Longhair

Fast Cauchy Reed-Solomon Erasure Codes in C

Longhair is a simple, portable library for erasure codes. From given data it generates redundant data that can be used to recover the originals. It is extremely fast, though not as fast as the CM256 library.

The original data should be split up into equally-sized chunks. If one of these chunks is erased, the redundant data can fill in the gap through decoding.

The erasure code is parameterized by three values (k, m, bytes). These are:

The number of blocks of original data (k), which must be less than 256.
The number of blocks of redundant data (m), which must be no more than 256 - k.
And the number of bytes per block (bytes), which must be a multiple of 8 bytes.

These erasure codes are not patent-encumbered and the software is provided royalty-free.

Building: Quick Setup

The longhair-mobile directory contains an easy-to-import set of C code that also builds properly for mobile devices.
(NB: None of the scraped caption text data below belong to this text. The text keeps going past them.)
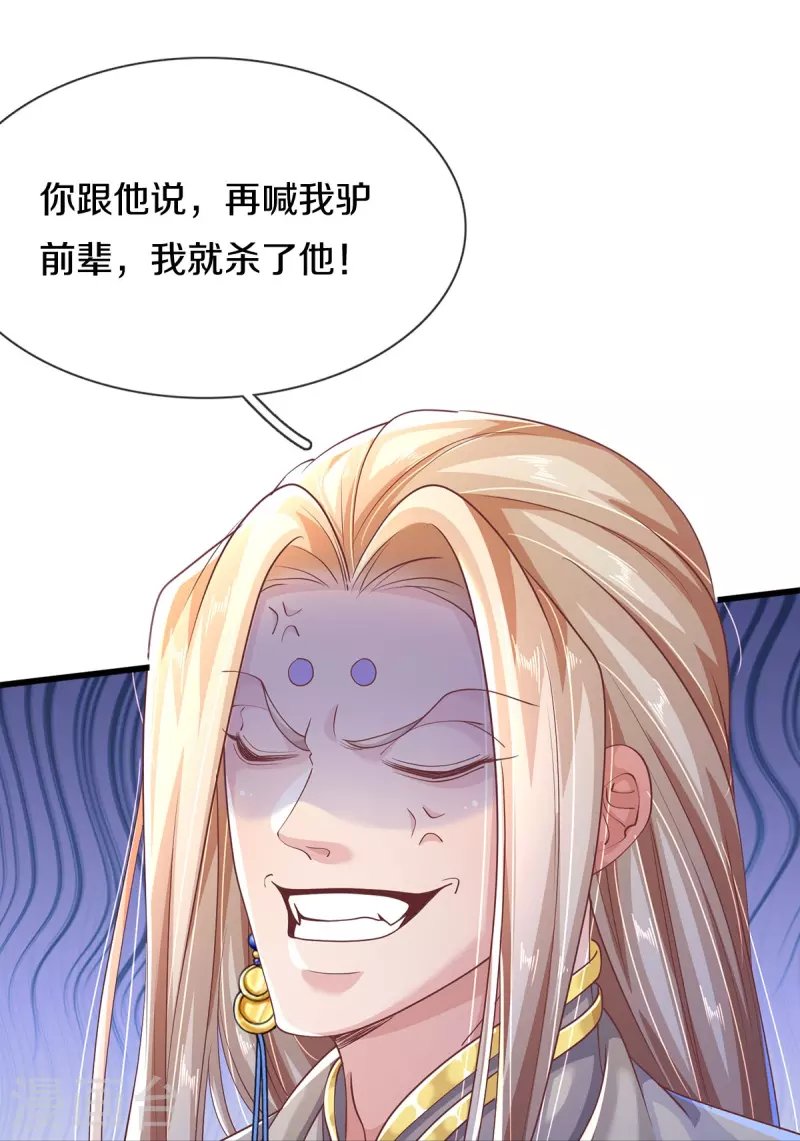 第40话 前往考核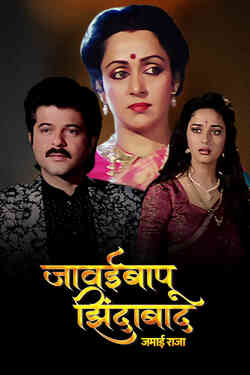 Javai Bapu Zindabad (Jamai Raja)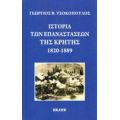 Ιστορία Των Επαναστάσεων Της Κρήτης 1820-1889 - Γεώργιος Β. Τσοκόπουλος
In a pinch you can use this code for desktops too.

Usage

Documentation is provided in the header file cauchy_256.h.

When your application starts up it should call cauchy_init() to verify that the library is linked properly:

	#include "cauchy_256.h"

	if (cauchy_init()) {
		// Wrong static library
		exit(1);
	}

To generate redundancy, use the cauchy_256_encode function:

	int data_len = ...;

	int k = 32; // Choose a number of pieces to split the data into.
	int m = 12; // Choose a number of redundant pieces to generate.
	int bytes = 1000; // Chose a number of bytes per chunk, a multiple of 8 bytes.

	assert(bytes % 8 == 0);
	assert(data_len == k * bytes);

	char *recovery_blocks = new char[m * bytes];
	char *data_ptrs[32];

	// Point data_ptrs to data here

	// Encode the data using this library
	if (cauchy_256_encode(k, m, data_ptrs, recovery_blocks, bytes)) {
		// Input was invalid
		return false;
	}

	// For each recovery block,
	for (int ii = 0; ii < m; ++ii) {
		char *block = recovery_blocks + ii * bytes;
		unsigned char row = k + ii; // Transmit this with block (just one byte)
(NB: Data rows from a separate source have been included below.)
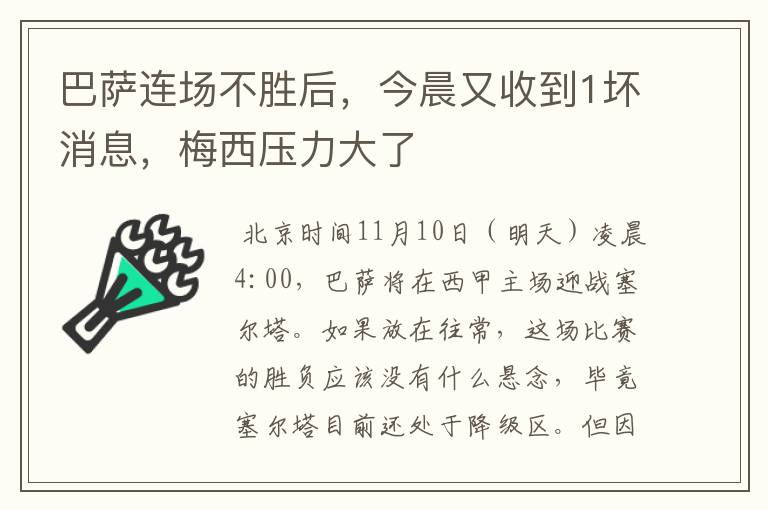 巴萨连场不胜后,今晨又收到1坏消息,梅西压力大了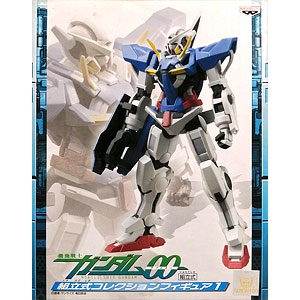 機動戦士ガンダム00 組立式コレクションフィギュア1 GN-001 EXIA (プライズ)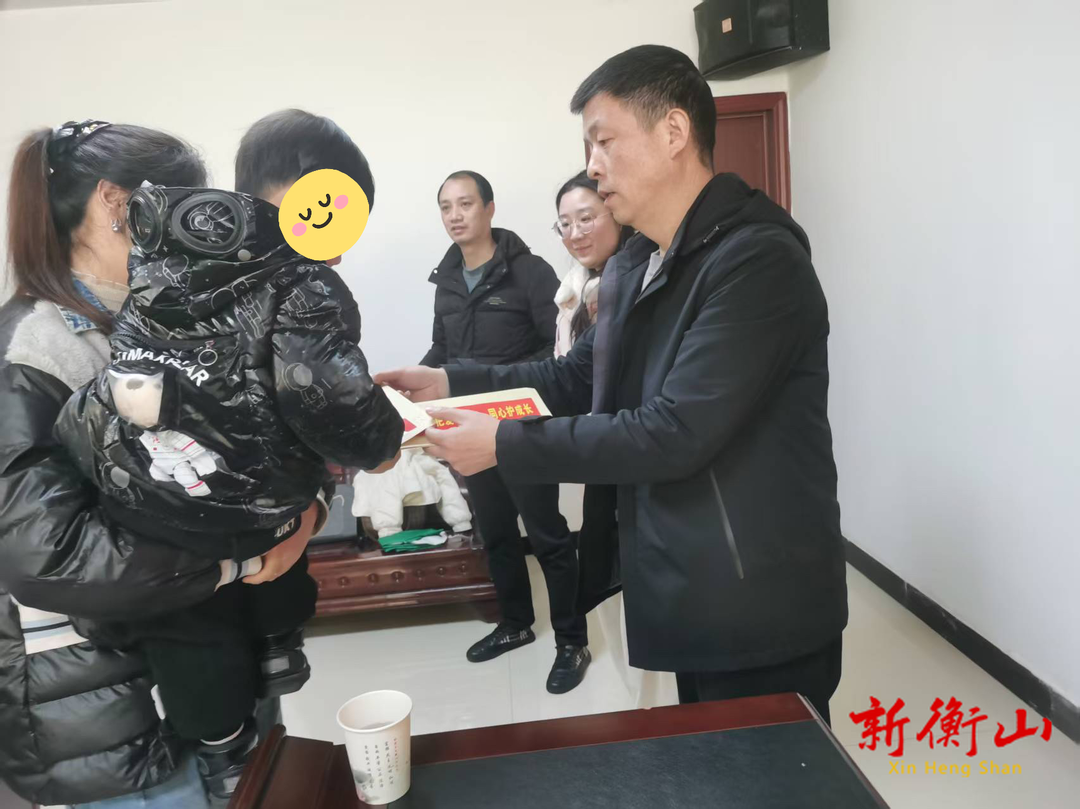 衡山县开展“把爱带回家·同心护成长”儿童关爱慰问活动
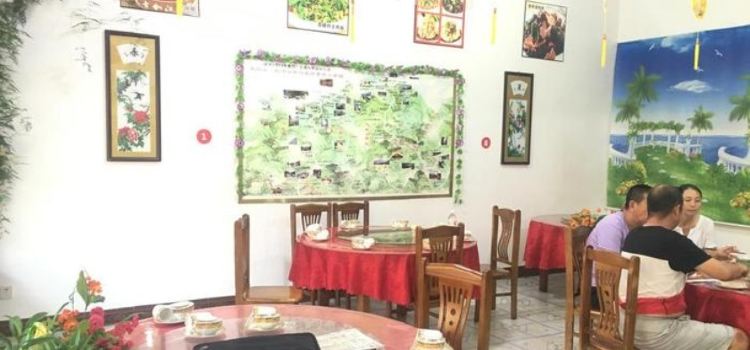 新农村饭庄(太白山店)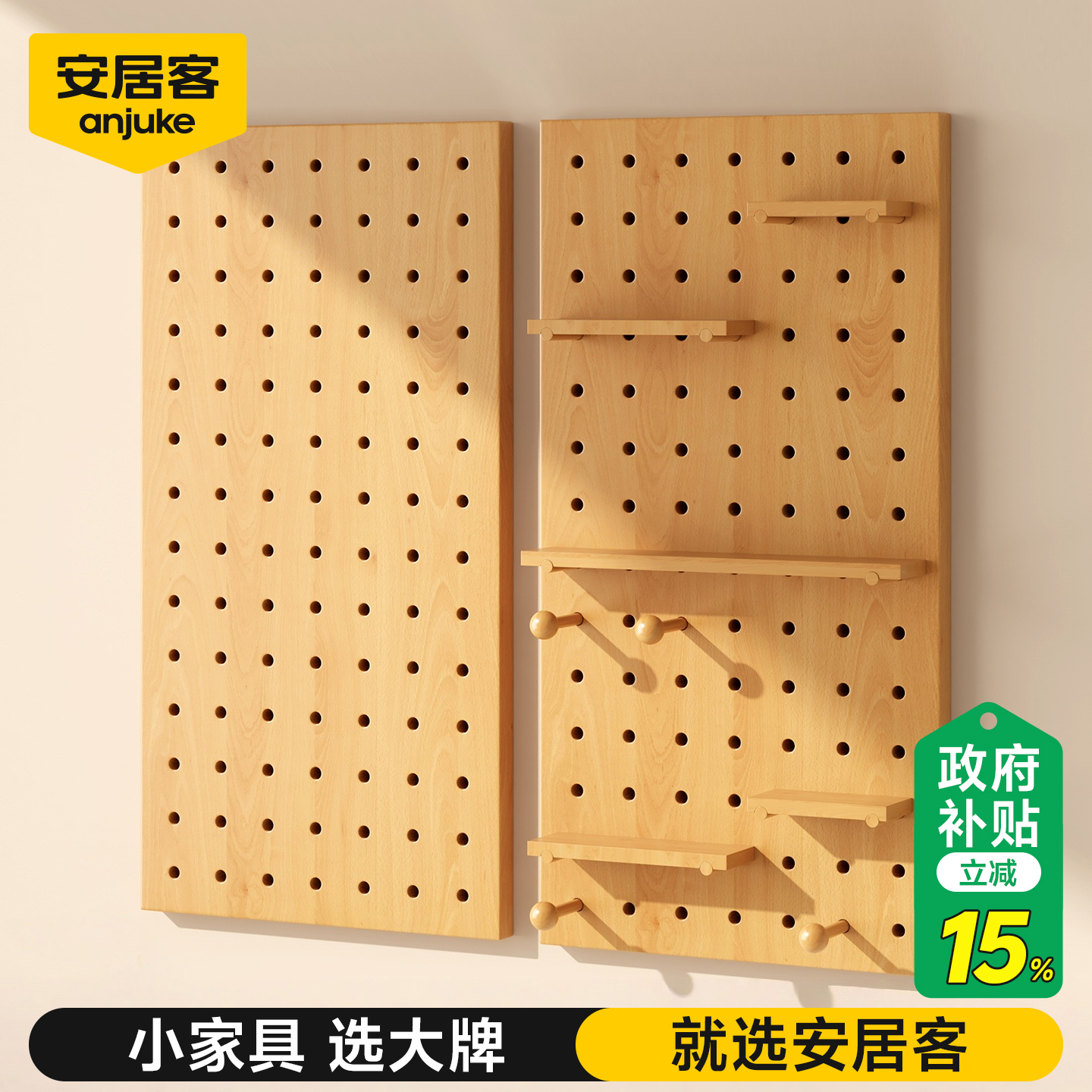 安居客20w+全网热销洞洞板置物架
		// Transmit or store block bytes and row
	}

	delete []recovery_blocks;

To recover the original data, use the cauchy_256_decode function:

	// Use the same settings as the encoder
	int k = 33;
	int m = 12;
	int bytes = 1000;

	// Allocate block info array
	// There should be exactly k blocks
	Block *block_info = new Block[k];

	// Fill block_info here with data and rows from the encoder
	// Rows under k are original data, and the rest are redundant data

	// Attempt decoding
	if (cauchy_256_decode(k, m, block_info, bytes)) {
		// Decoding should never fail - indicates input is invalid
		assert(k + m <= 256);
		assert(block_info != 0);
		assert(bytes % 8 == 0);
		return false;
	}

	// Now the block_info elements that used to have redundant data are
	// corrected in-place and contain the original data.
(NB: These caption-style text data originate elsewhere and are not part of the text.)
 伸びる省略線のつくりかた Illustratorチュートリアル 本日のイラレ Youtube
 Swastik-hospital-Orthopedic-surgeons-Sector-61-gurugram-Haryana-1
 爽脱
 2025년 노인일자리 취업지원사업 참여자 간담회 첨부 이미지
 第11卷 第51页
The example above is just one way to use the cauchy_256_decode function.

This API was designed to be flexible enough for UDP/IP-based file transfer where the blocks arrive out of order. For packet erasure correction the following code is more applicable:

	// Use the same settings as the encoder
	int k = 33;
	int m = 12;
	int bytes = 1000;

	// Allocate enough space for the original data
	char *block_data = new char[bytes * k];

	// Allocate block info array
	Block *block_info = new Block[k];

	int original_count = 0, recovery_count = 0;

	// This function will be called by onData() with original data after recovery
	static void processData(int row, char *data, int data_bytes) {
		// Handle original data here only
	}

	// Call this function with each block received, either original or recovery
	// Returns true on complete
	bool onData(unsigned char row, char *new_data) {
		int insertion_point;

		// If it is original data,
		if (row < k) {
			// Process the original data immediately - Do not wait for it all to arrive!
			processData(row, new_data, bytes);

			// Copy to the end of the original block data
			insertion_point = original_count++;
		} else {
			// Copy to the front of the recovery block data
			insertion_point = k - ++recovery_count;
		}

		// Copy data into place
		char *dest = block_data + insertion_point * bytes;
		memcpy(dest, new_data, bytes);

		// NOTE: It may be possible to avoid copying depending on if
		// you can hang onto the provided data buffer.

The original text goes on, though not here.